▶ What is expected: The expected output is the data below, character for character, without its pictures.

▶ Data segment:
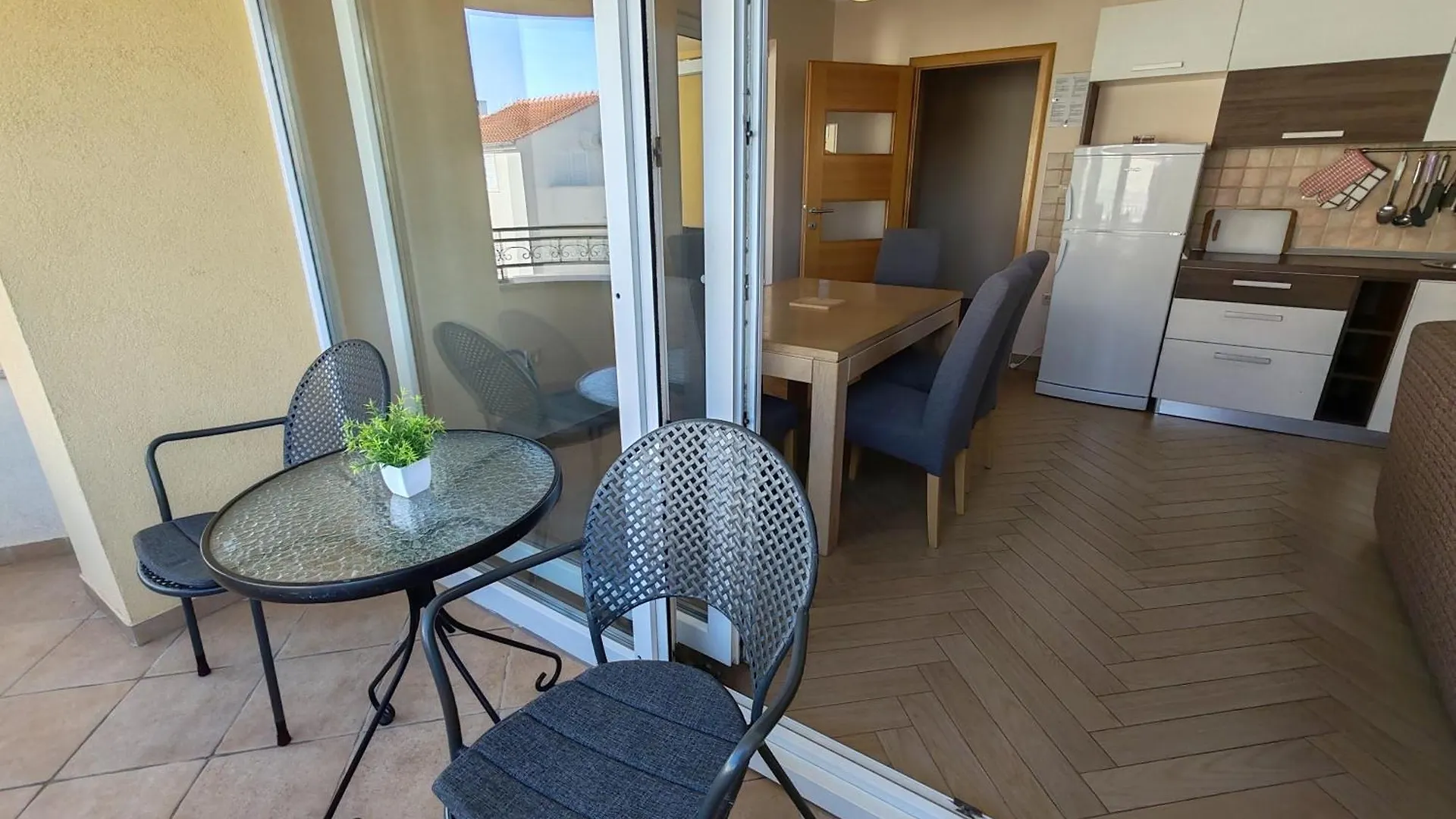 Apartamento Apartmani Kovacicek 3 Biograd Na Moru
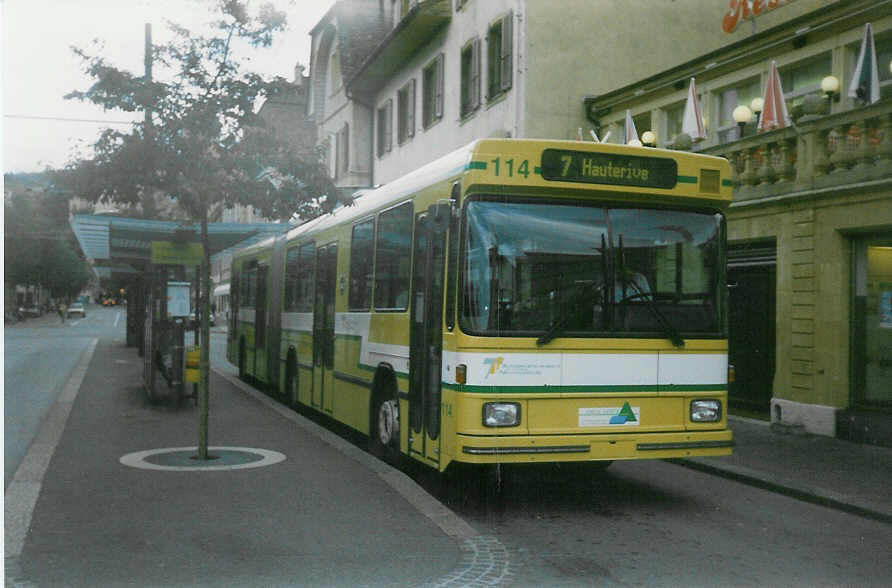 Aus dem Archiv: TN Neuchtel Nr. 114 NAW/Hess Gelenktrolleybus am 7. Oktober 1997 Neuchtel, Place Pury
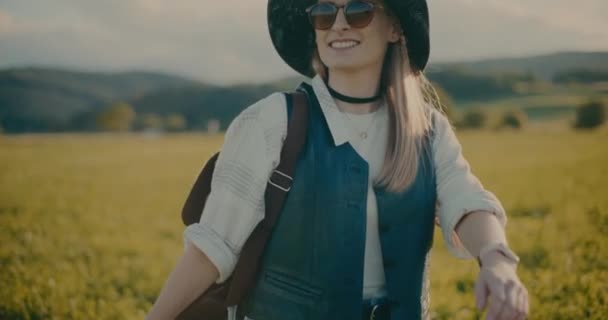 Happy Young Female Tourist Wearing Sunglasses Hat Walking Meadow Vacation — Stock Video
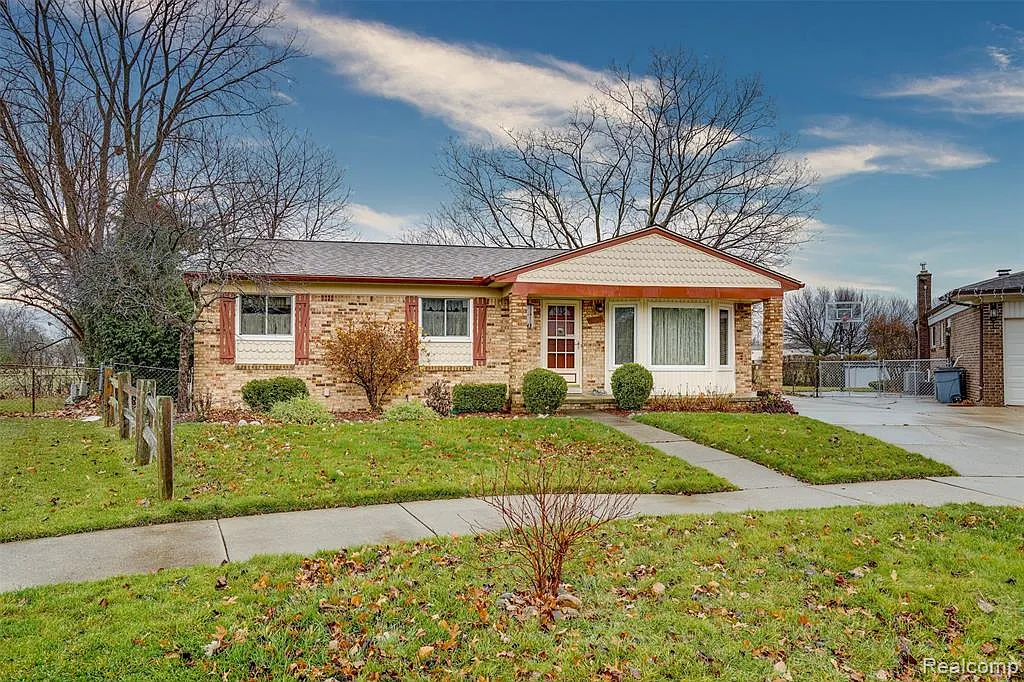 31660 Karolyn Ln photo 1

▶ Reply:
 Apartamento Apartmani Kovacicek 3 Biograd Na Moru
 Aus dem Archiv: TN Neuchtel Nr. 114 NAW/Hess Gelenktrolleybus am 7. Oktober 1997 Neuchtel, Place Pury
 Happy Young Female Tourist Wearing Sunglasses Hat Walking Meadow Vacation — Stock Video
 31660 Karolyn Ln photo 1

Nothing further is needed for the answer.